フォルビア・ヘラ(FORVIA HELLA)はアグリテクニカ2025において、農業機械向けの革新的な運転支援システムを初公開した。
同社はトラクターのミラーにレーダー式左折アシストシステムを完全統合した製品を世界で初めて発表。このシステムは2026年後半から欧州の顧客向けに納入される予定だ。
農業機械が道路交通で事故を起こす最も一般的な原因の一つが、左折時に追い越し車両と衝突することだ。農道から畑に左折する際、後続車両が追い越しを開始するケースが多く、重大事故につながることがある。
ドイツ保険協会の2023年の調査によると、農業トラクターが関与する事故の13%以上が左折・横断時に発生しており、これらの事故の19%が重傷または死亡事故となっている。
フォルビア・ヘラの新しい運転支援システムは、最大80m先の追い越し車両を検知し、早期にドライバーに警告する。統合されたレーダー技術により、従来の外部ミラーをスマートな安全アシスタントに変える仕組みだ。
システムが死角に車両を検知すると、ミラーに明確な警告信号が表示される。フォルビア・ヘラのライフサイクル・ソリューション事業部門でエレクトロニクス製品マネージャーを務めるダニエル・ヴィーペン氏は「農業機械の安全性を持続的に向上させることが目標だ。自動車業界で実績のある運転支援システムを農業分野に初めて導入し、すべての道路利用者の保護に新たな基準を設定する」と説明している。

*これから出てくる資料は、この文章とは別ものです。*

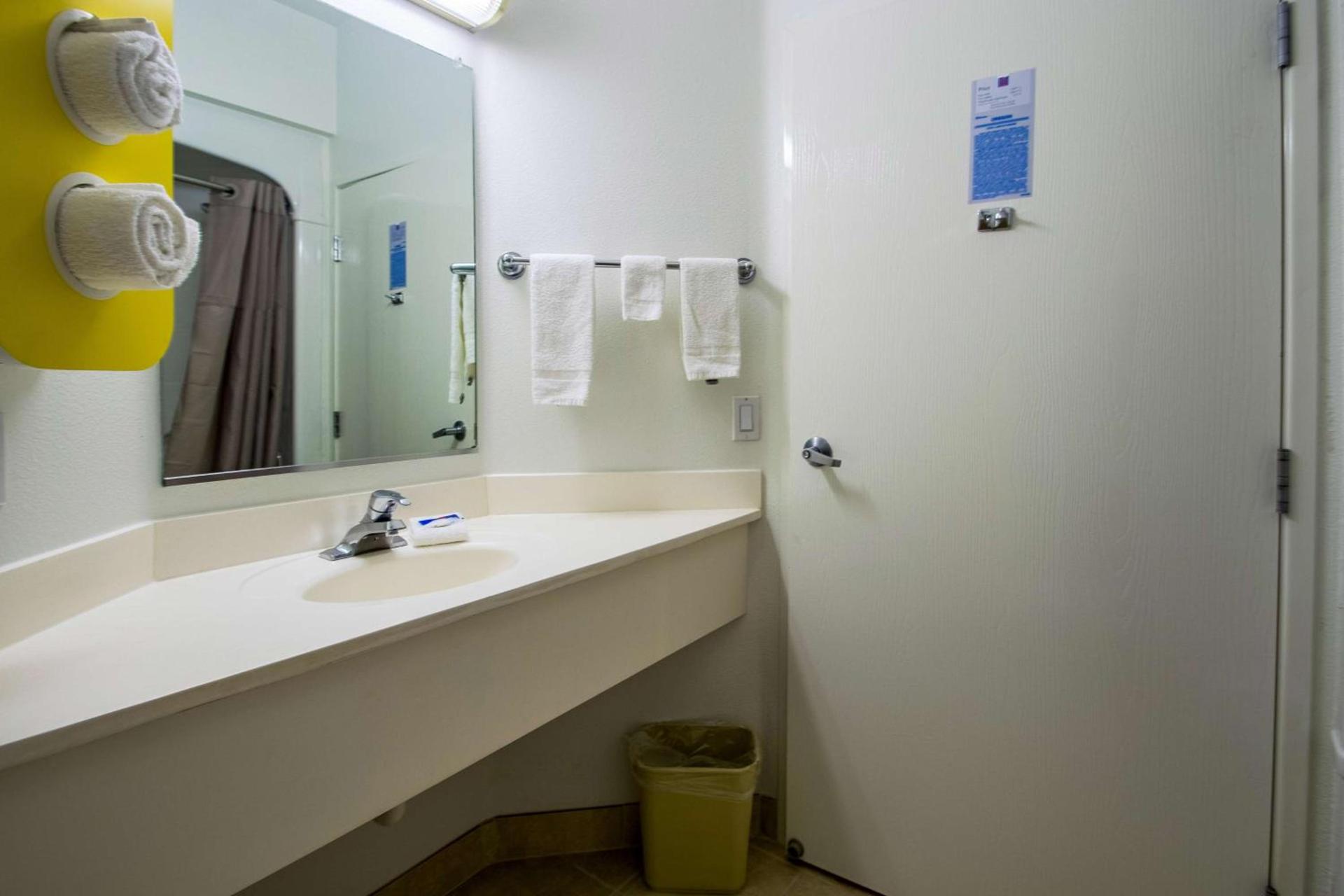 Motel 6-Portland, OR - I-5 photo 22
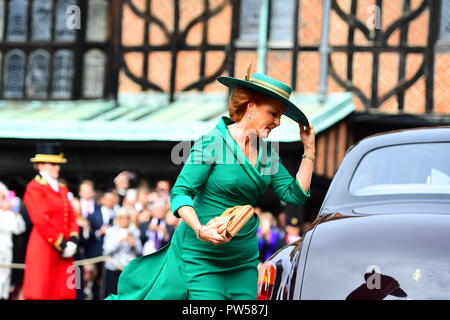 Sarah Ferguson arriva per il matrimonio della Principessa Eugenie a Jack Brooksbank presso alla cappella di San Giorgio nel Castello di Windsor. Foto Stock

この革新的な運転支援システムのアイデアと開発はフォルビア・ヘラが担当した。技術的な実装は、スペインのバルセロナを拠点とする車両ミラーと運転支援システムの大手サプライヤー、フィコサが担当している。
フィコサはインテグレーターとして、既存のミラー構造にレーダー技術をシームレスに統合する役割を果たした。両社の協力は開発パートナーシップの枠組みで行われ、レーダー技術と車両統合の分野における両社のノウハウが結集された。
システムはモジュール式でスケーラブルであり、メーカーに依存せず、新しい車両プラットフォームに容易に統合できるため、農業分野で幅広く適用可能だ。